AMSTERDAM, Netherlands — Before he put paint to canvas, Vincent van Gogh worked with pencil and ink, training himself in perspective, composition and the human form.
Now known for the vibrant colors of his paintings, Van Gogh continued sketching throughout his brief career, producing masterpieces of draughtsmanship that rank among his great works.
The Van Gogh Museum now has more than 100 of the artist's 1,200 surviving drawings on exhibition, showing the development of his craftsmanship from 1880 over 10 years of work.
"For the first three years he hardly did any painting," curator Sjraar van Heugten said. "Most of these drawings were simply for himself. They were experiments in perspective and trying his hand at anatomy. He practiced a lot. He was totally self-taught."
Arranged chronologically, the early black-and-white studies of figures and landscapes evolve over the years into his now familiar impressionist style, with a rhythm of short, rapid strokes, swirls or jabs of a reed pen.
The exhibit draws on more than 50 museums and private collections, showing works that are rarely seen in public because of their sensitivity to light. It includes the only four sketchbooks that remain from the dozens Van Gogh used like notebooks to jot down ideas.
The exhibit stays in Amsterdam until Sept. 18, when it moves to the Metropolitan Museum of Art in New York.

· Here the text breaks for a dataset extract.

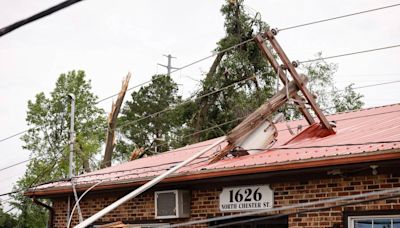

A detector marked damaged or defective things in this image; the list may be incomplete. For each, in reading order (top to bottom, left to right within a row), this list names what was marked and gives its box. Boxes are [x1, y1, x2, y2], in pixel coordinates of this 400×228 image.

damaged utility pole [101, 72, 131, 168] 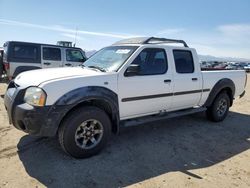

Van Gogh, who decided at age 27 to become an artist, moved back and forth between paint and pen, abandoning one or the other for weeks or months before returning to it. He would learn from each medium and apply it to the other.
"His drawings were equally important to him. He put a lot of effort into them," van Heugten said.
He liked to use damp paper for his work with pencils, black crayon and ink, and the wrinkles are still evident.
On one drawing of a man sitting on a straight-backed wooden chair, slumped with his elbows on his knees and holding his fists to his eyes, Van Gogh poured milk over the paper to soften the texture.
He had a natural talent for landscape, but he struggled with people, van Heugten said.
Van Gogh made a lithograph of his painting "The Potato Eaters," which was panned by his friends for being flat, stiff and emotionless. Though outraged at the criticism, the next drawings show him trying to bring more life to his figures.
Often he would use the same theme for a painting and a drawing. The museum brought one of its most well-known paintings, "The Harvest," from its standing collection to show side-by-side with an elaborate sketch of the same scene, followed by a simple sketch that he mailed to friends to show them what he was working on.
The final drawings in the exhibition, using variations of blue, show no signs of despair or depression. Van Gogh suffered from what is now believed to be a form of epilepsy and was despondent over his continued dependency on his brother. He shot himself on July 27, 1890, and died two days later.